I am often asked questions about falling bullets; i.e., “How dangerous can a falling bullet be?” The model I use to answer any falling bullet question is as follows: Will a bullet, such as a 5.56 x 45mm (.223 Remington), if fired at a very high angle (straight up), return to Earth with enough velocity and striking energy to inflict a significant wound?

The military standard for disabling energy, or the amount of energy necessary to produce a casualty, is 58 ft lbs, at a striking velocity of 400 fps. Bullets returning from being fired upward, whether they start their return trip from 2,000 feet, 10,000 feet, or ten miles, will all come back to Earth with the same speed (terminal velocity).

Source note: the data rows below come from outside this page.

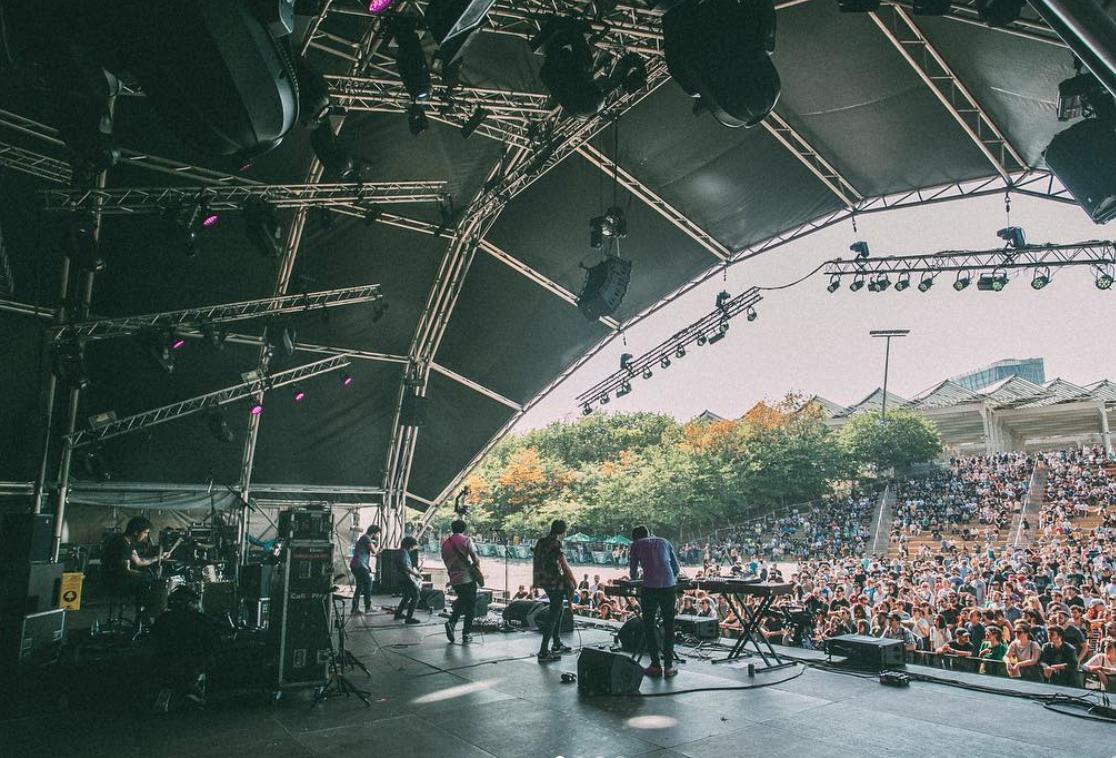 autumncomets's tweet image. Tocar en el @primavera_sound de 2016 fue un sueño con el que terminamos la gira de “We Are Here / You Are Not” ✨ un día que recordaremos siempre.Sergio Albert nos hizo estas fotos y le estamos tremendamente agradecidos por ellas ❤️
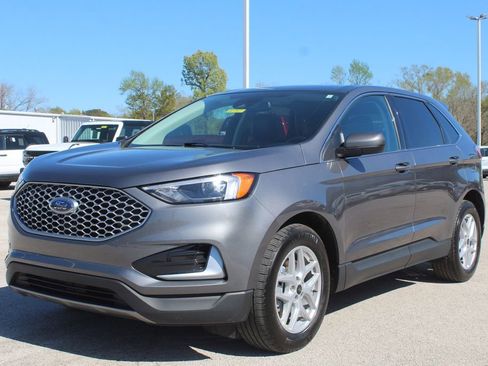 Used 2024 Ford Edge SEL AWD/4WD image 2
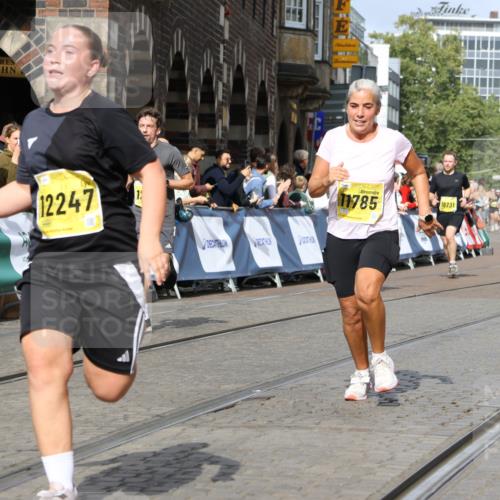 13.09.2026 - 21. swb-Marathon Bremen Strokosch-Dieckow http://msf.ph/oto/10376485 13.09.2026 11:03:02 Ziel 10190, 10296, 10633, 10783, 10945, 10954, 10955, 10985, 11096, 11107, 11261, 11508, 11554, 11564, 11662, 11701, 11719, 11730, 11776, 11785, 11945, 12071, 12154, 12247, 12252, 12429, 12451, 12489, 10150, 10195, 10237, 10528, 10531, 10598, 10715, 10727, 10959, 11070, 11493, 11676, 11830, 11836, 12068, 12214, 12421, 12432, 12483 meine-sportfotos.de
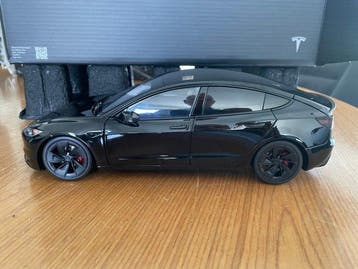 Tesla Dealer Edition 1:18 - Voiture miniature - Tesla Model
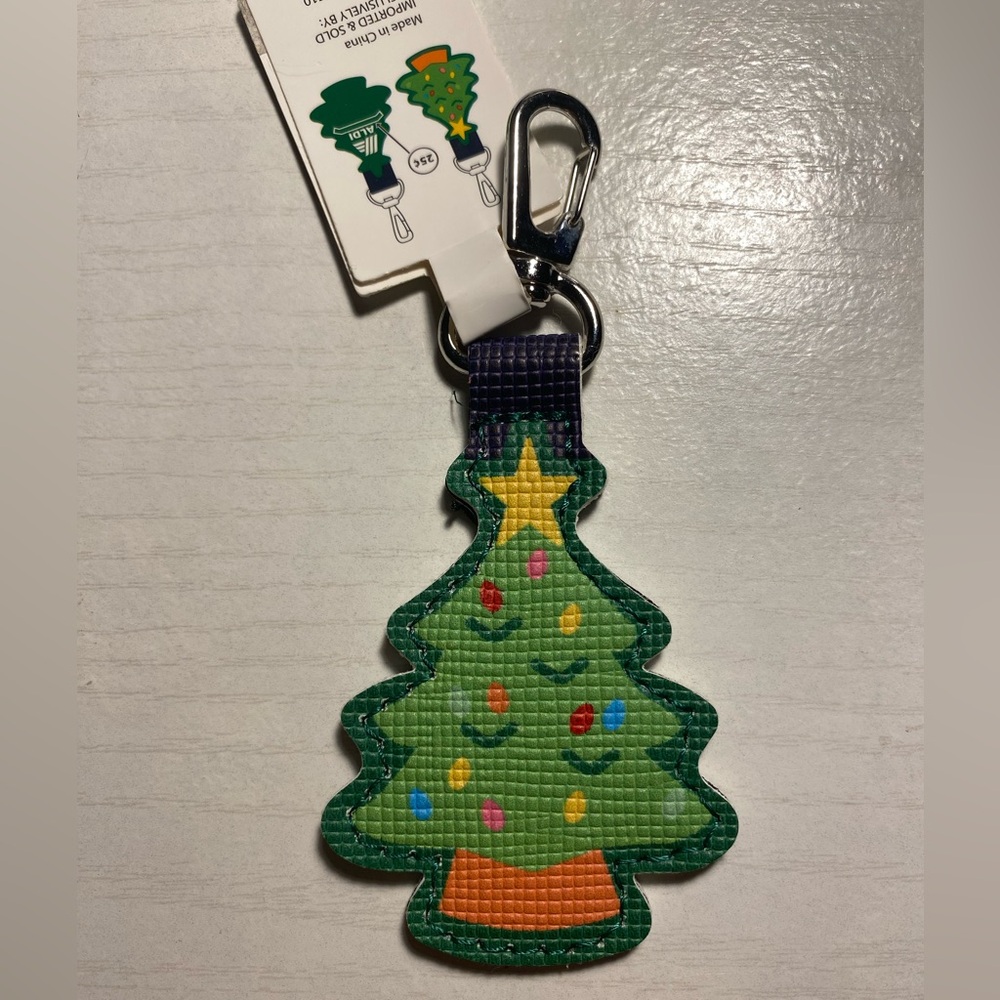 Aldi Christmas Tree Keychain Quarter Keeper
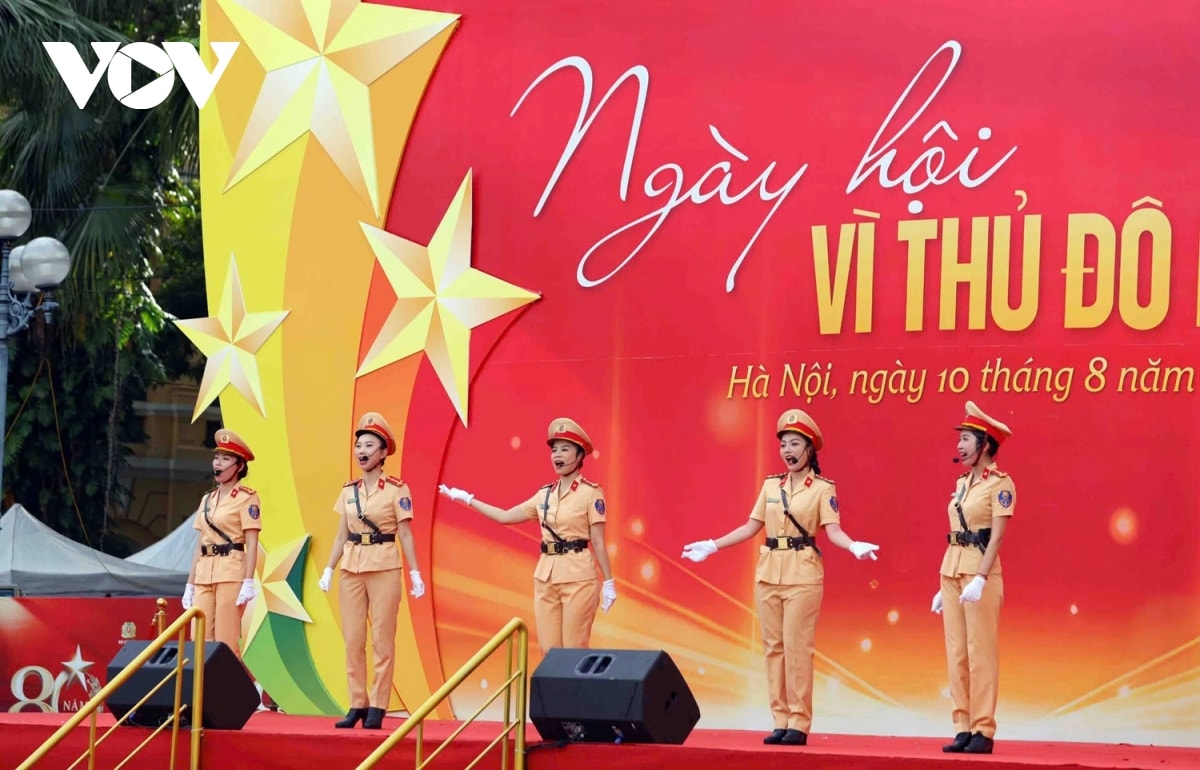nguoi dan hao hung xem cac khoi cand dieu hanh trong ngay hoi vi thu do binh yen hinh anh 2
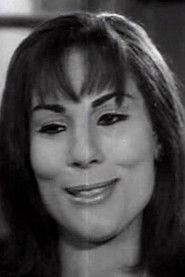 Samia Samy as Awsaf's mother in Verdict at hearing's end 1985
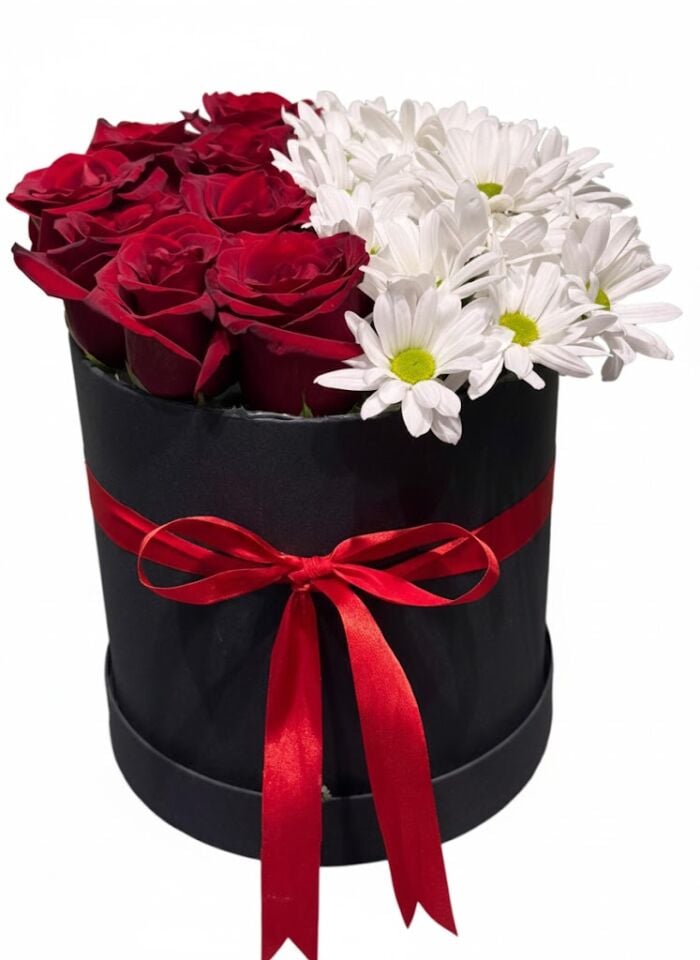 Siyah Silindir Kutuda Beyaz Papatya Kırmızı Gül
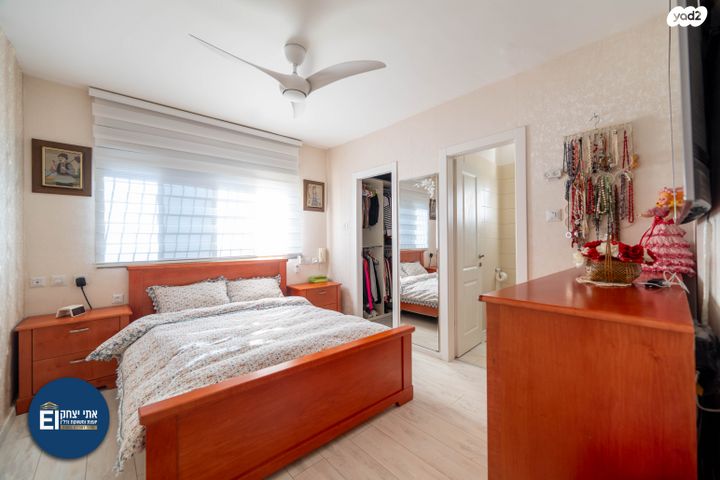 דירה, דוד טבצ'ניק, נווה גן, פתח תקווה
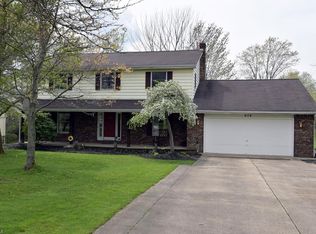 674 Robs Rd, Girard, OH 44420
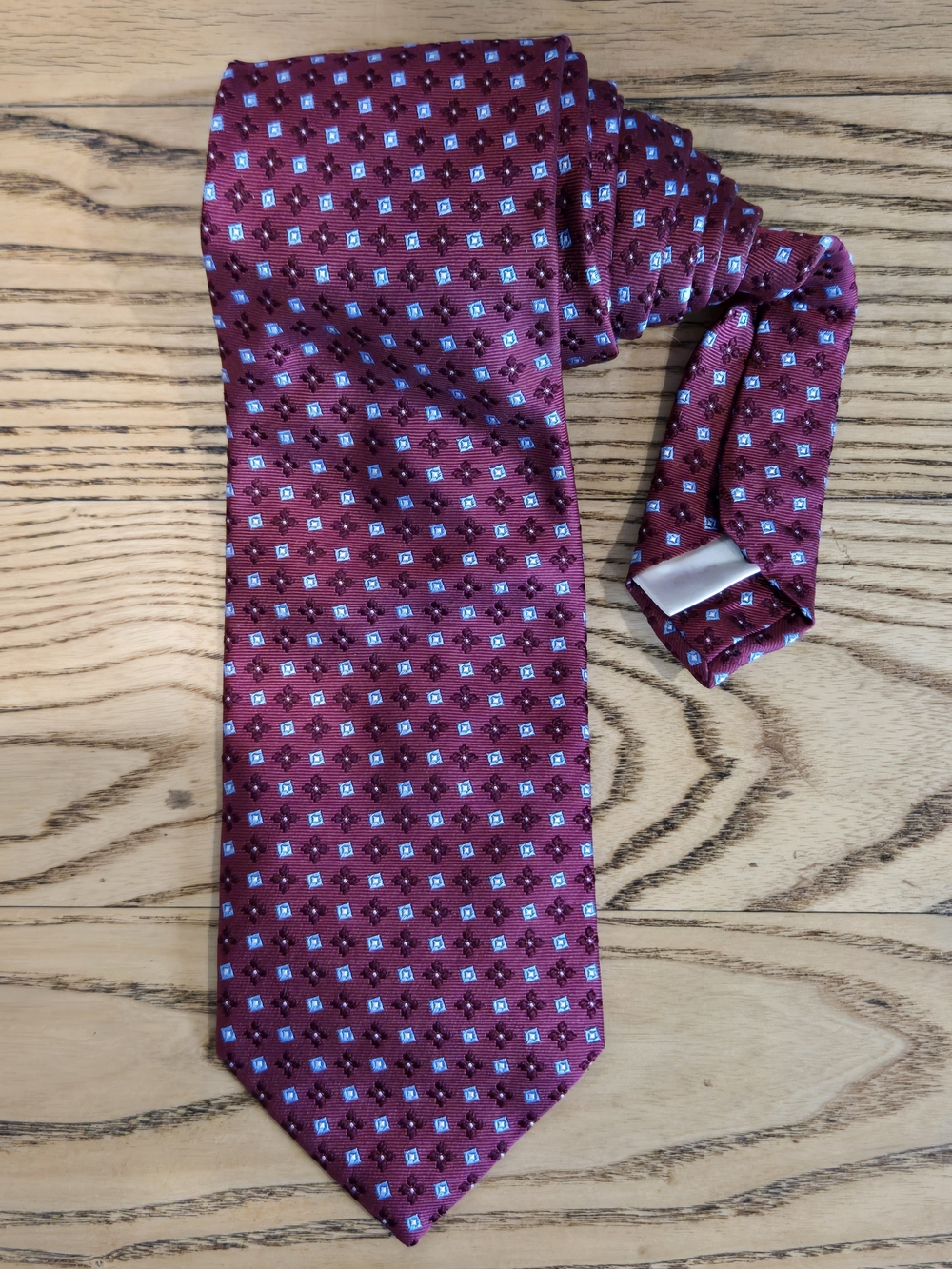 Altea Burgundy Geometric Silk Tie with Blue Accents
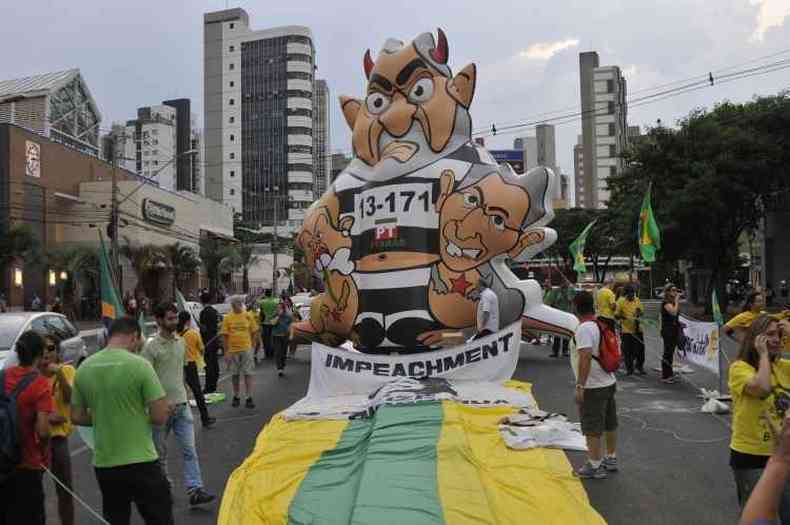 O protesto fechou uma parte da Avenida do Contorno, Regio Centro-Sul de BH(foto: Juarez Rodrigues EM. D.A Press)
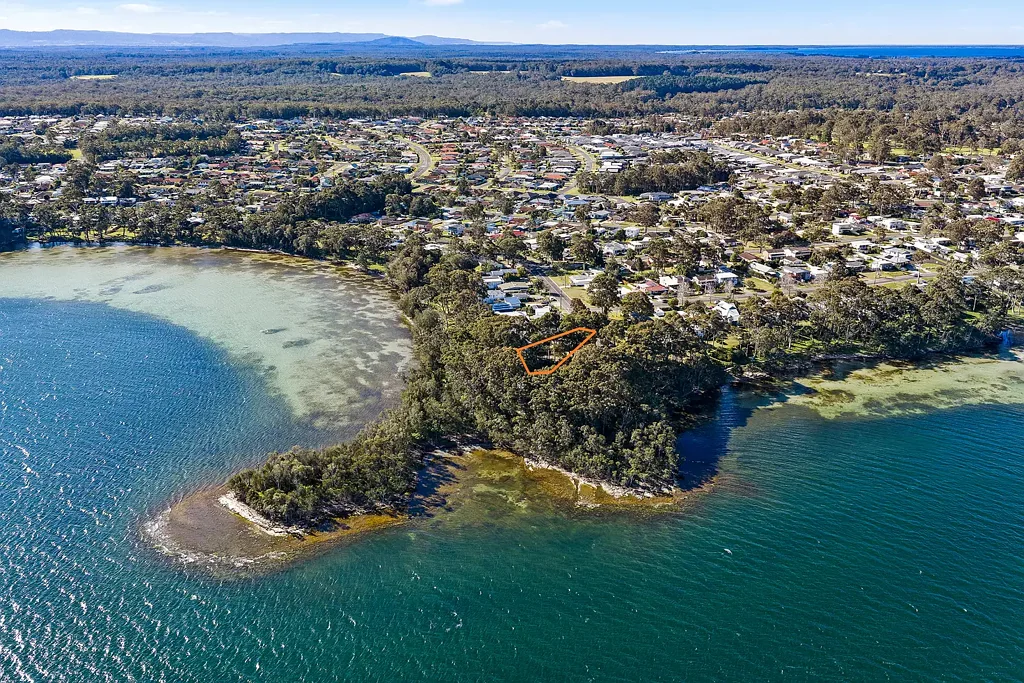 Sanctuary Point WATERFRONT RESERVE LAND WITH ENDLESS POTENTIAL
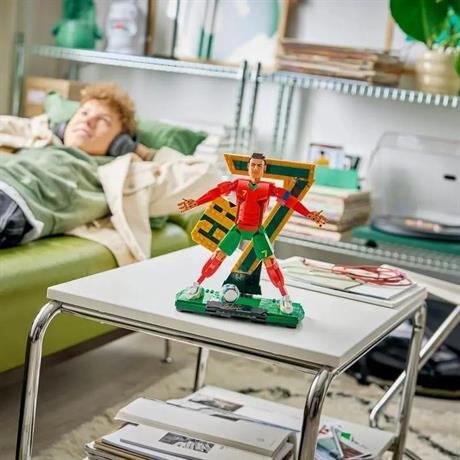 Конструктор LEGO® Editions Кріштіану Роналду — легенда футболу, 854 деталі (43016) - фото 4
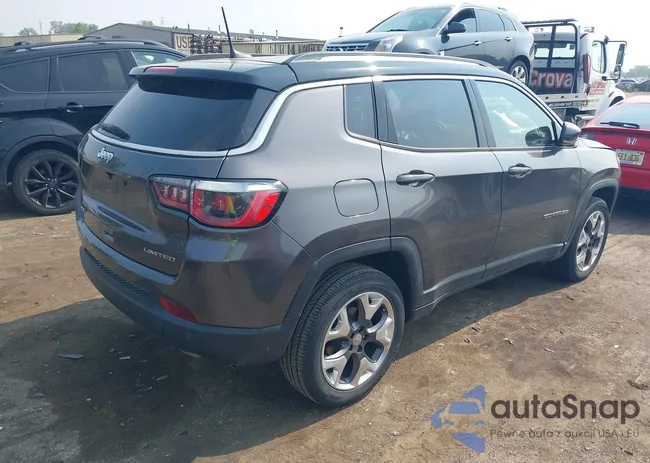 3C4NJDCB0KT817868: 42412551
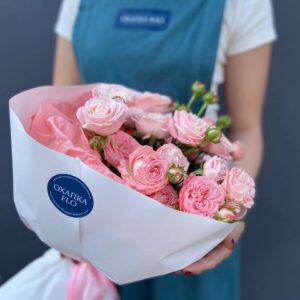 Розы нежно-розовые кустовые букет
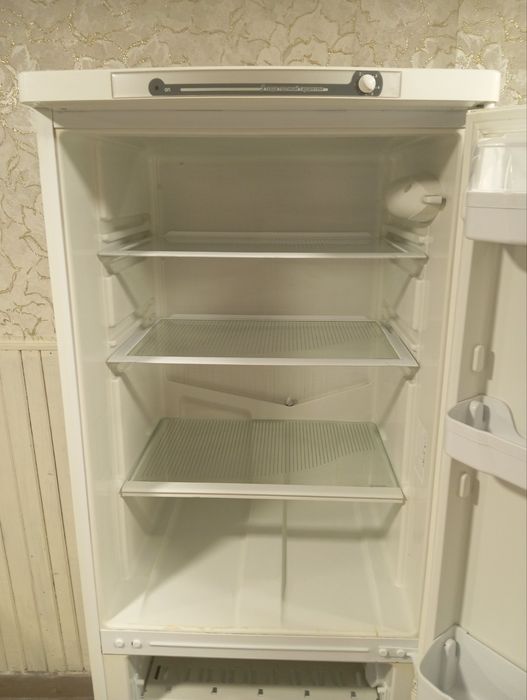 Продам холодильник Indesit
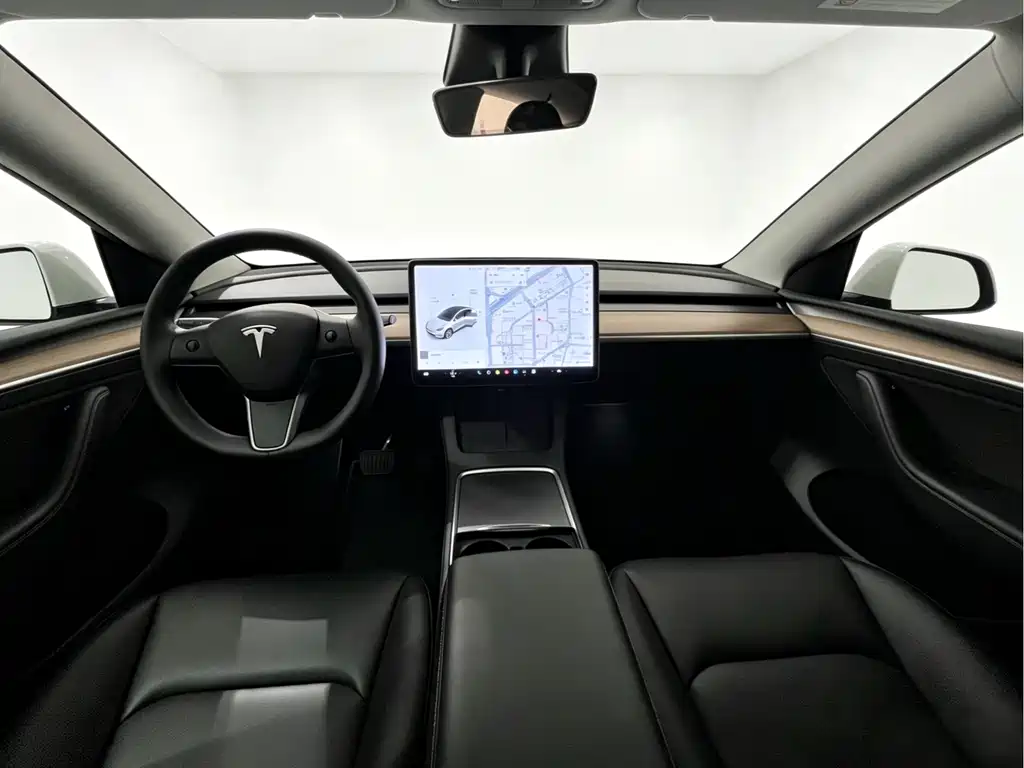 Tesla Model Y 2021 — фото 8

Terminal velocity depends on the weight of the bullet and, to a certain extent, on its shape. A 55-grain 5.56 x 45mm bullet leaves the muzzle at roughly 3200 fps and, if fired straight up, will slow down until it finally stops about 9,000 feet above the Earth; then it starts to fall. If it falls point down (not likely) it will return to Earth with a striking velocity of approximately 290 fps, and a striking energy of nine foot pounds or less. If it fell any other way than point down, its fall would be slower and its striking energy less.

The U.S. Army has conducted exhaustive experiments on the subject of falling bullets and has concluded that falling bullets cannot be relied upon to produce dangerous wounds. Guns are usually fired at only moderate elevation – 30º would be considered a high angle by most people. The bullet will then strike with some speed with which it was fired, with a much higher velocity than that of merely a falling bullet. Falling bullets do not kill, only those fired at moderate degrees of elevation will produce significant wounds.